Property-Based Testing

Overview

Property-Based Testing (PBT) is a testing methodology where developers define general properties that code should satisfy, and testing frameworks automatically generate hundreds of test cases to verify those properties hold across diverse inputs. Introduced by Koen Claessen and John Hughes in their 2000 paper "QuickCheck: A Lightweight Tool for Random Testing of Haskell Programs," the approach inverts traditional example-based testing: instead of writing "sort([3,1,2]) == [1,2,3]," you write "for any list, sort(sort(list)) == sort(list)" (idempotence property).
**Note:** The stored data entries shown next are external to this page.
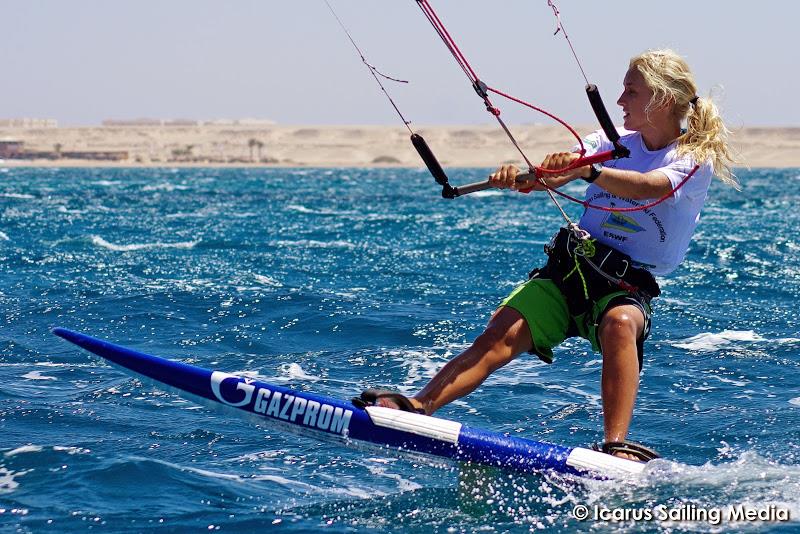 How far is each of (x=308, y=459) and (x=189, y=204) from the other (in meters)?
39.4

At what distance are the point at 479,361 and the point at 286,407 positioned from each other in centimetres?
101

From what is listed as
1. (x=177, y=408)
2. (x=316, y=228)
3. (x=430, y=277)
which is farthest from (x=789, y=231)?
(x=177, y=408)

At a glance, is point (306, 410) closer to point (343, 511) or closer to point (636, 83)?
point (343, 511)

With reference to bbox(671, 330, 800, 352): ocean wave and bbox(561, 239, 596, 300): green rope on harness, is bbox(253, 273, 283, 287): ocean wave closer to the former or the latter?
bbox(671, 330, 800, 352): ocean wave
QuickCheck pioneered the technique in Haskell, automatically generating random inputs, shrinking failing cases to minimal reproducible examples, and providing property combinators. The 2010 ACM SIGPLAN award recognized its influence. By 2025, QuickCheck ideas have propagated to 57+ languages: Hypothesis (Python), ScalaCheck (Scala), fast-check (JavaScript), PropTest (Rust), JUnit-QuickCheck (Java). John Hughes' work at Quviq applied QuickCheck to Ericsson's Megaco protocol, discovering faults traditional testing missed. PBT excels at exposing edge cases, invariant violations, and assumptions developers didn't realize they made.

When to Use

•Testing pure functions with well-defined mathematical properties
•Validating data structure invariants (balanced trees, heap property, etc.)
•Serialization/deserialization round-trip correctness
•Testing parsers, encoders, compilers with fuzzing-like coverage
•Validating business rules that should hold universally
•Comparing two implementations for equivalence (oracle testing)
•Finding edge cases before production - especially in critical systems
•Complementing example-based tests to increase confidence

The Process

Step 1: Identify Properties - Define Universal Truths

Determine what should always be true about your code regardless of input. Common property patterns: idempotence (f(f(x)) == f(x)), round-trip (decode(encode(x)) == x), invariants (tree stays balanced), commutativity (a + b == b + a), oracle (newImpl(x) == referenceImpl(x)).

Ask: "What's always true about this function's behavior? What can't break?"

Example: Testing a string reverse function. Properties: reversing twice returns original (reverse(reverse(s)) == s), length preserved (len(reverse(s)) == len(s)), first becomes last (reverse(s)[0] == s[-1]).

Step 2: Define Generators - Specify Input Space

Configure generators that produce random inputs matching your domain. Most PBT frameworks provide built-in generators (integers, strings, lists) and combinators to build complex generators (lists of positive integers, valid email addresses). Generators should cover full input space, including edge cases.

Ask: "What's the valid input domain? What edge cases must generator cover?"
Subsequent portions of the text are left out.